TBH I'm not an expert of RAG, either. I think you will get a much better answer if you ask this question in kernel-memory issues. :)

Thank you a lot for looking into this issue!

WesselvanGils commented 4 months ago

I did actually manage to figure this out with semantic memory. I'll put a proper example for that version together tomorrow.
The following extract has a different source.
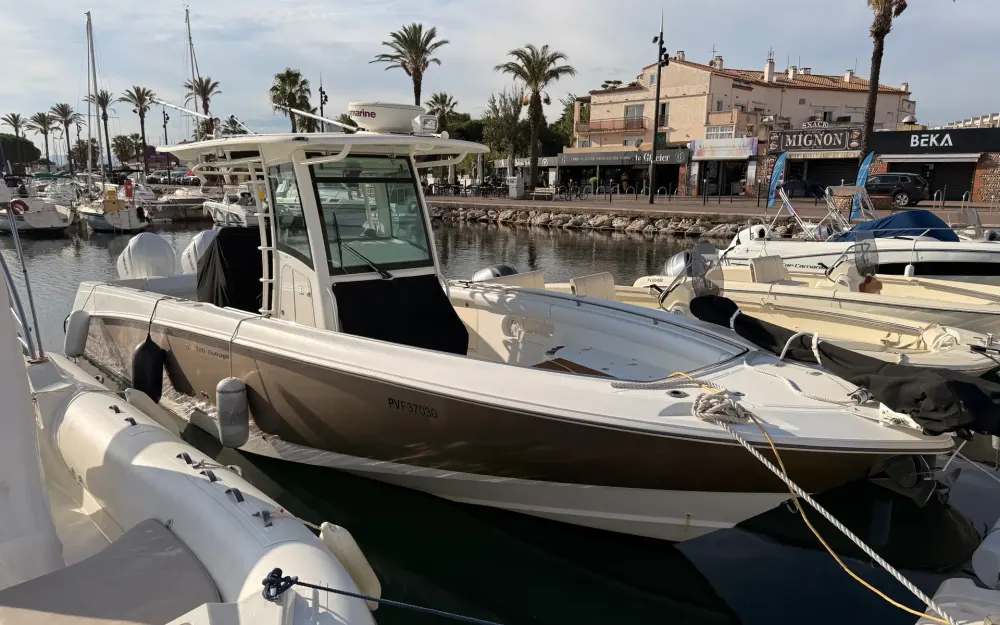 slider 0 Boston Whaler  320 Outrage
The advantage of that over the solution above is that it actually just returns context using cosine similarity on embeddings so you can utilize any executor just by adding the context to the prompt.

WesselvanGils commented 4 months ago
using LLama;
using LLama.Common;
using LLama.Native;
using LLamaSharp.SemanticKernel.TextEmbedding;
using Microsoft.SemanticKernel.Connectors.Sqlite;
using Microsoft.SemanticKernel.Memory;
using Microsoft.SemanticKernel.Text;
using System.Text;

// Initialize native library before anything else
string llamaPath = Path.GetFullPath("<path to local lib>/libllama.so");
NativeLibraryConfig.Instance.WithLibrary(llamaPath, null);

// Download a document and create embeddings for it
#pragma warning disable SKEXP0050, SKEXP0001, SKEXP0020

var embeddingModelPath = Path.GetFullPath("<path to embed model>/nomic-embed.gguf");
var embeddingParameters = new ModelParams(embeddingModelPath) { ContextSize = 4096, GpuLayerCount = 13, Embeddings = true };
var embeddingWeights = LLamaWeights.LoadFromFile(embeddingParameters);
var embedder = new LLamaEmbedder(embeddingWeights, embeddingParameters);

var service = new LLamaSharpEmbeddingGeneration(embedder);

ISemanticTextMemory memory = new MemoryBuilder()
    .WithMemoryStore(await SqliteMemoryStore.ConnectAsync("mydata.db"))
    .WithTextEmbeddingGeneration(service)
    .Build();

Console.WriteLine("===== INGESTING =====");

IList<string> collections = await memory.GetCollectionsAsync();

string folderPath = Path.GetFullPath("<path to folder>/Embeddings");
string[] files = Directory.GetFiles(folderPath);

string collectionName = "TestCollection";

if (collections.Contains(collectionName))
{
    Console.WriteLine("Found database");
}
else
{
    foreach (var item in files.Select((path, index) => new { path, index }))
    {
        Console.WriteLine($"Ingesting file #{item.index}");
        string text = File.ReadAllText(item.path);
        var paragraphs = TextChunker.SplitPlainTextParagraphs(TextChunker.SplitPlainTextLines(text, 128), 512);

        foreach (var para in paragraphs.Select((text, index) => new { text, index } ))
            await memory.SaveInformationAsync(collectionName, para.text, $"Document {item.path}, Paragraph {para.index}");
    }

    Console.WriteLine("Generated database");
}
Console.WriteLine("===== DONE INGESTING =====");

StringBuilder builder = new();

Console.Write("Question: ");
string question = Console.ReadLine()!;
builder.Clear();

Console.WriteLine("===== RETRIEVING =====");

List<string> sources = [];
await foreach (var result in memory.SearchAsync(collectionName, question, limit: 1, minRelevanceScore: 0))
{
    builder.AppendLine(result.Metadata.Text);
    sources.Add(result.Metadata.Id);
}

builder.AppendLine("""

Sources:
""");

foreach (string source in sources)
{
    builder.AppendLine($"    {source}");
}
Console.WriteLine("===== DONE RETRIEVING =====");

Console.WriteLine(builder.ToString());

#pragma warning restore SKEXP0001, SKEXP0050, SKEXP0020

We have to supress some warnings here because semantic memory is technically considered experimental. This just uses LLamaSharp to generate embeddings and allows us to search anything compatible with Semantic Memory with those embeddings returning the most relevant text chunks. This doesn't do any generation so you'd have to add the context to the prompt manually.

Some things to consider is that this is generally the fist step of RAG and there are a lot of steps you can add in between this and adding it to the prompt. Such as returning multiple sources and reranking them, summirzation and so on. I'll leave some helpful resources as well: https://github.com/pchunduri6/rag-demystified https://medium.com/@thakermadhav/build-your-own-rag-with-mistral-7b-and-langchain-97d0c92fa146 https://medium.com/@talon8080/mastering-rag-chatbots-building-advanced-rag-as-a-conversational-ai-tool-with-langchain-d740493ff328

AsakusaRinne commented 4 months ago

The example looks good. @xbotter Do you have any idea about further improve it?